So rather than watching the slide continue, it was time to
rethink things. After consolidating resources into the Albany
shop, the same complaints kept coming to the fore: problems
with crime and parking.
Roy said it’s not that he’s getting old, it’s that the neighborhood’s
getting rougher, and many of his customers agree. “If people
feel there’s a problem with parking or muggings they won’t
come,” said Roy, adding that customers are afraid to park
off of the block because of the crime. But perceptions aside,
Roy still would have moved: “Just what I witnessed was enough.”
Two years ago, Roy spotted crack dealers and a hooker turning
tricks across the street, and a store with bootlegged CDs
up the block, all flagging his customers down. Then Music
Shack experienced two attempted burglaries within six months,
and the cops involved told him even more stories he didn’t
want to hear. He’s also had bunches of kids try to steal from
him, and when he kicked them out they threatened to cut him
up and worse. “Having a militia out there would be the only
thing to keep me here,” he said, half-joking.
Interestingly, Biff and Abram Pock, the son-father team who
run the 55-year-old Blue Note Records a few blocks up Central
Avenue, have not experienced comparable problems. And according
to Anthony Capece, executive director of the Central Business
Improvement District, “Your car is more likely to be broken
into at Crossgates Mall than it is on Central Avenue.”
To Roy, the parking problems have not been relieved by the
avenue’s new meters [“Pleased to Meter You,” Oct. 9], and
won’t be without a residential and employee permit system
and the creation of new lots using “nothing short of wrecking
balls.” People have to let go of some historic architecture
in the name of making necessary improvements, he said. “What
do you want to have? People driving down a street with the
door locked looking at old buildings or pulling into a lot,
getting out and shopping?”
But Capece thinks the meters are working, and said business
on Central Avenue is experiencing something of a renaissance.
“Right in the area where [Music Shack is] located, there’s
about 1,000 employees that weren’t here three years ago,”

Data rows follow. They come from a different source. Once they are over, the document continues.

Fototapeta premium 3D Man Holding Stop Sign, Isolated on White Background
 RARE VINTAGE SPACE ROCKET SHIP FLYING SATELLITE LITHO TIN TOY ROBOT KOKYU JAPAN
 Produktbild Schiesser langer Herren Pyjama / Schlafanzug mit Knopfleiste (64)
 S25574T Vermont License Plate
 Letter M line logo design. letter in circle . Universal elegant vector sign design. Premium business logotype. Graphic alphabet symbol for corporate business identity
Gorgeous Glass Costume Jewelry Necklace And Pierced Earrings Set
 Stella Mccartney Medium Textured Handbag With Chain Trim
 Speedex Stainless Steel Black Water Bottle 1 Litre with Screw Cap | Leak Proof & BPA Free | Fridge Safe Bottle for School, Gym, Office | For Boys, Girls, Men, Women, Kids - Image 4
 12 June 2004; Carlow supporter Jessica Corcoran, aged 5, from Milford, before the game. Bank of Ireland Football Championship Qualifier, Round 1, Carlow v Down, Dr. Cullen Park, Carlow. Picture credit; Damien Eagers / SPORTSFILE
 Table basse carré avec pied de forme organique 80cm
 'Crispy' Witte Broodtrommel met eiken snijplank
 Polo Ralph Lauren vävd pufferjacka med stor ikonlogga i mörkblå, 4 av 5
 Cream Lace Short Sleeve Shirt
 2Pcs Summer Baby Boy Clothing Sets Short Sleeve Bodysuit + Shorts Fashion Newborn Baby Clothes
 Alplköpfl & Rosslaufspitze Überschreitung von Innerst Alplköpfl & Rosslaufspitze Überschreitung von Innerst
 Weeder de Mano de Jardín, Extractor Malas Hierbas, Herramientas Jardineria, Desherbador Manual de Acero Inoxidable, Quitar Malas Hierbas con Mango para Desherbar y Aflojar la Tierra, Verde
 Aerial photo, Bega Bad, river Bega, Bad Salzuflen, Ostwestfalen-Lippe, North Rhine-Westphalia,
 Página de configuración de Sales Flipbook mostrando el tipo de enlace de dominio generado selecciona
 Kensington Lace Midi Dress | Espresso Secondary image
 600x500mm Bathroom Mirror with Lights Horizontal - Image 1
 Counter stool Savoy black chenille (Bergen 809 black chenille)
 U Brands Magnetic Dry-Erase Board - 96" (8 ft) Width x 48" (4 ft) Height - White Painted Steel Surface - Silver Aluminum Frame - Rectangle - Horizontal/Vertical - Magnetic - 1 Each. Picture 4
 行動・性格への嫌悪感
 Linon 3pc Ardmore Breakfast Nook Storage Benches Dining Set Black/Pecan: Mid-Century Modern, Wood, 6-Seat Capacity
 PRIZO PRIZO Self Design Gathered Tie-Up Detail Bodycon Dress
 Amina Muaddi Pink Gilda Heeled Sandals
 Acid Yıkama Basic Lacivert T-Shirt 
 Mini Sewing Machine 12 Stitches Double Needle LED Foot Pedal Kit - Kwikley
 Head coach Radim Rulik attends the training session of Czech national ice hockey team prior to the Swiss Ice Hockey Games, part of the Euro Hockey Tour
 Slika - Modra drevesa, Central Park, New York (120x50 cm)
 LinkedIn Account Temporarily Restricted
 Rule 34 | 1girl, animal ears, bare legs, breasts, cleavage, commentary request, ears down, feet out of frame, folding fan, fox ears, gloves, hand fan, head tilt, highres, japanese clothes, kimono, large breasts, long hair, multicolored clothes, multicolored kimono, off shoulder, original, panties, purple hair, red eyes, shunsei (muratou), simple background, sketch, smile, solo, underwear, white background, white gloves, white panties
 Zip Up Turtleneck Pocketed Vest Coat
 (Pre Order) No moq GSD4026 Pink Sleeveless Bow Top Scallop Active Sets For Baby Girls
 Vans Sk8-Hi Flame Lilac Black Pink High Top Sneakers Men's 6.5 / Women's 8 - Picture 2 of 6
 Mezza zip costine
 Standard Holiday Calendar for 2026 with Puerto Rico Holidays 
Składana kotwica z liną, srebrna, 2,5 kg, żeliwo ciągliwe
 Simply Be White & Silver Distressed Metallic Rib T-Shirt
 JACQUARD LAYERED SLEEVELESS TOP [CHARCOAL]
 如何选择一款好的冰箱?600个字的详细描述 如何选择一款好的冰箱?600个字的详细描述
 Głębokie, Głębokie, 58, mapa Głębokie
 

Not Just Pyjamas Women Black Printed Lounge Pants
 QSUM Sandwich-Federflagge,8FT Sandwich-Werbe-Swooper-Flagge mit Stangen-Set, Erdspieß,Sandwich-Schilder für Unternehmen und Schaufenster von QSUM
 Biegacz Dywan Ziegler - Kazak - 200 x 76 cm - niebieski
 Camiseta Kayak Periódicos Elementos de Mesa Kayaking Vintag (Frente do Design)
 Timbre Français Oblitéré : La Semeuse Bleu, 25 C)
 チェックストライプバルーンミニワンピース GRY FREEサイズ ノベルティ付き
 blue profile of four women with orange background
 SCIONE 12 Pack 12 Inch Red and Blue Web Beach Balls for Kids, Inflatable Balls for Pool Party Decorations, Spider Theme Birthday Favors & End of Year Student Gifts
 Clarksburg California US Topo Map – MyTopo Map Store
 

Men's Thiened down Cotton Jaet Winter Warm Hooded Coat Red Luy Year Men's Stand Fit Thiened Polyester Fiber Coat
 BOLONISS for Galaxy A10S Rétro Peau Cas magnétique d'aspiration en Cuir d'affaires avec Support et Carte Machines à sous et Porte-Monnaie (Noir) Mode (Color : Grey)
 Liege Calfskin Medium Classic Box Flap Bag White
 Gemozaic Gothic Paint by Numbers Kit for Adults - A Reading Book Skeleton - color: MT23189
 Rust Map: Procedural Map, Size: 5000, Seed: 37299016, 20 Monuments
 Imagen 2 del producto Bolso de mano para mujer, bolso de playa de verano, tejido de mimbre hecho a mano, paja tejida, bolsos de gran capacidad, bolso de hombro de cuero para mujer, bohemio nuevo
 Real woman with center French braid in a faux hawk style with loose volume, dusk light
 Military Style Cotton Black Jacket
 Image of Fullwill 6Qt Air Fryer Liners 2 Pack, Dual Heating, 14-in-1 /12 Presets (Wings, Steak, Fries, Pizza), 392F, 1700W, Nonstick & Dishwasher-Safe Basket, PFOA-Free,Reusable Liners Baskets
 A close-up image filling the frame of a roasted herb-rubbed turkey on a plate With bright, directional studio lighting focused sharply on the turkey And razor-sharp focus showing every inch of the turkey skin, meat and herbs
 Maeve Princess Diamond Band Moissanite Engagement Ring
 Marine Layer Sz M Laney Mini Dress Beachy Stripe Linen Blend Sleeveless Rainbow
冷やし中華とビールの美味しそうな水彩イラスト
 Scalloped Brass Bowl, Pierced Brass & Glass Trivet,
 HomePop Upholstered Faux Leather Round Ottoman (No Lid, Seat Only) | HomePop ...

he said, and they’re in what were “blighted, boarded-up buildings”
a few years ago.
The Roys are taking the family business to the strip-malled
lots of Central Avenue in Colonie—still on the bus line—to
a new space next to Soccer Unlimited and across from Grandma’s,
and are confident their devoted customers will follow them.
“What
we lose in terms of those people who won’t want to make the
trek there, we’ll make up for that by people who don’t want
to come down here,” Roy said.
Roy knows neighborhood retailers survive by giving their customers
what they want. When the Albany store opened in 1982, the
family expanded their stock to suit the taste of a DJ market
and, as Roy proudly notes, it was “the first store in the
area to have a rap section back in ’83.” But don’t think that
means they’ll have to push the new Britney album in Colonie.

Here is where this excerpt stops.